On March 31, the American 8th Bombardment Squadron arrived, with A-24 bombers, supported for two weeks in May by six P-39 Airacobras of the American 36th Pursuit Squadron. Despite the U.S. aid, the Australians suffered heavy losses of planes and pilots during the first few months of 1942.
The Battle of the Coral Sea, which was fought mostly in the waters south-east of Papua in early May, diverted a Japanese naval attack against Port Moresby and removed the immediate threat.
It was about this time, according to the book “One Hundred Years of Service: A History of the Army and Air Force Exchange Service,” as well as an Exchange “history reader” on Flickr, that the first PX was set up on New Guinea. Neither source has much additional material on the Port Moresby PX, other than the above photo from the National Archives, which depicts a private from the Transportation Corps checking stock.
But combat in New Guinea didn’t stop at Port Moresby, and as fighting expanded, so did the Exchange’s support for Warfighters.
Although allies successfully held Port Moresby, by May 1942 the Japanese had established themselves in the arc of islands north and east of New Guinea as well as in the region around Lae and Madang on the north coast mainland Australia.
Fighting continued throughout 1942. More than 13,000 Japanese died, as well as 8,500 allied troops, more than half of them Australians. That was just in combat: allied forces reported 27,000 cases of malaria by January 1943, and troops also struggled with high temperatures and exhaustion. The island’s mountainous terrain made the fighting even more difficult.
Fighting intensified at the beginning of 1943 and continued through the end of 1944. The allies scored a key victory in September 1943, when they recaptured Lae, a port city on the northeast part of the island, from the Japanese, A few days earlier, they had recaptured Salamaua, another port about 25 miles south of Lae—but their objective at Salamaua was to divert Japanese attention from their prime objective, recapturing Lae.
This is where the Exchange comes back into the picture.
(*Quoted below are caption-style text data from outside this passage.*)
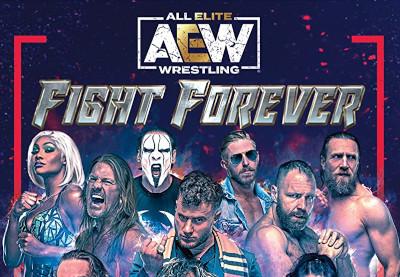 AEW: Fight Forever اوروبي ستيم كود رقمي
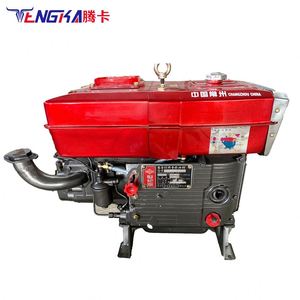 Zs1100 16hp Diesel Engine for Single Cylinder Diesel Engine - Product Image 4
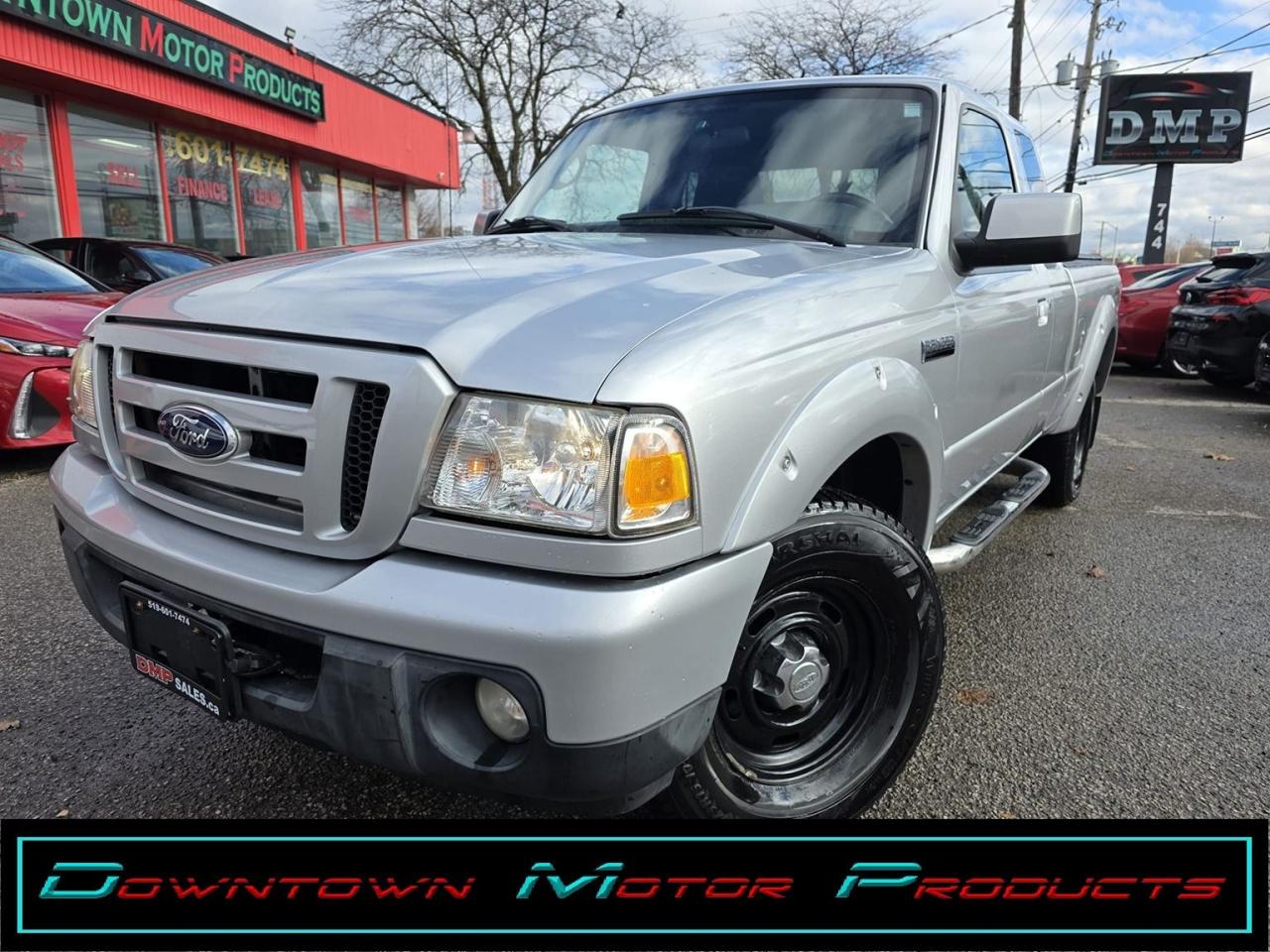 Used 2010 Ford Ranger Sport Ext for sale in London, ON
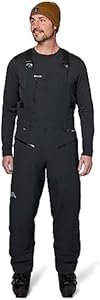 Мужской Комбинезон Flylow Firebird Waterproof Breathable Ski & Snowboard Pant - Rye - X-Large Flylow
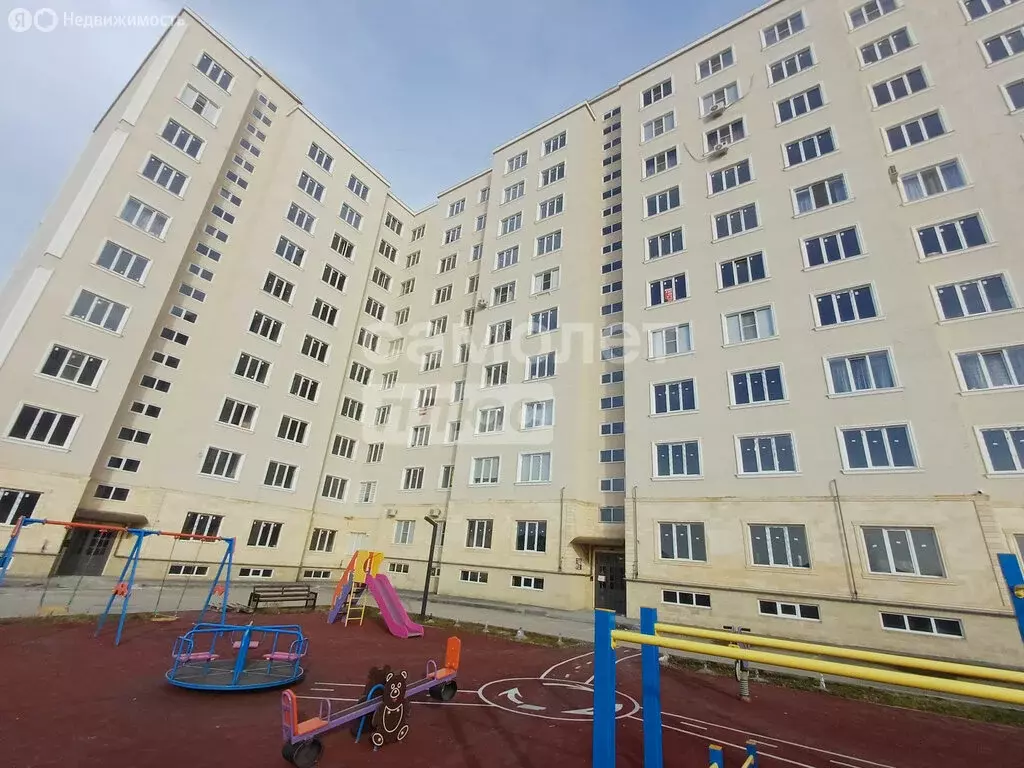 1-комнатная квартира: Нальчик, улица Налоева, 10 (49 м) - Фото 2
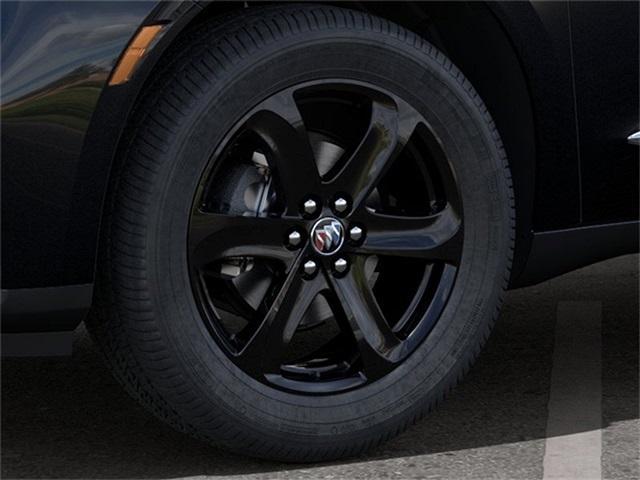 new 2024 Buick Enclave car, priced at $45,715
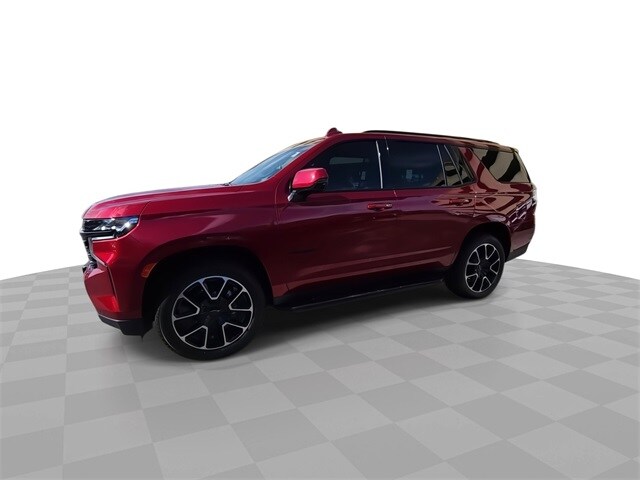 2023 Chevrolet Tahoe RST photo 3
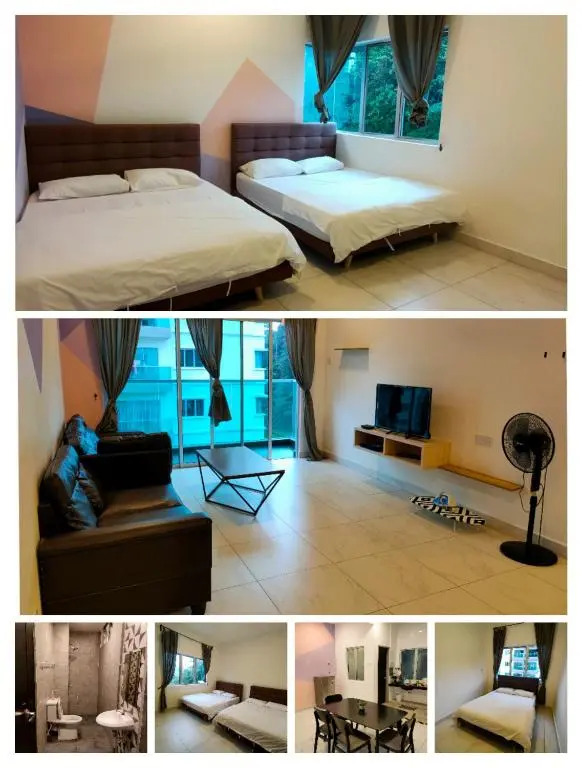 Cameron Homestay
One week after Lae was recaptured, according to a July 1970 Exchange Post article that looked back on Exchange activity worldwide during World War II, “A Douglas transport landed at a captured air strip, loaded to the struts with chocolate bars. When commando barges landed, they carried crates of Exchange items. The PX came with the invasion.”
The Exchange provided machines that dispensed cold drinks to about 70 military units, providing some relief in the torrid jungle environment. “Soldiers would stand in line for an hour to get a cold drink,” the story said. “When a GI finished filling his canteen cup, he would dash to the end of the line and drink while waiting for a refill.”
The PXs were usually tents—or huts made from packing boxes. Back in Port Moresby, the Army Exchange Service even set up a beauty shop for American nurses and Red Cross volunteers. Reservations had to be made a month in advance.
Although most of the PXs in New Guinea and the South Pacific closed shortly after World War II, the Exchange still operates stores in American Samoa and on Kwajalein Atoll. Since 2016, the Exchange has participated in a joint venture with the Marine Corps Exchange— Marines provide the staff, and the Exchange provides the merchandise—at Robertson Barracks, on the northern coast of Australia, about 1,100 miles from Port Moresby.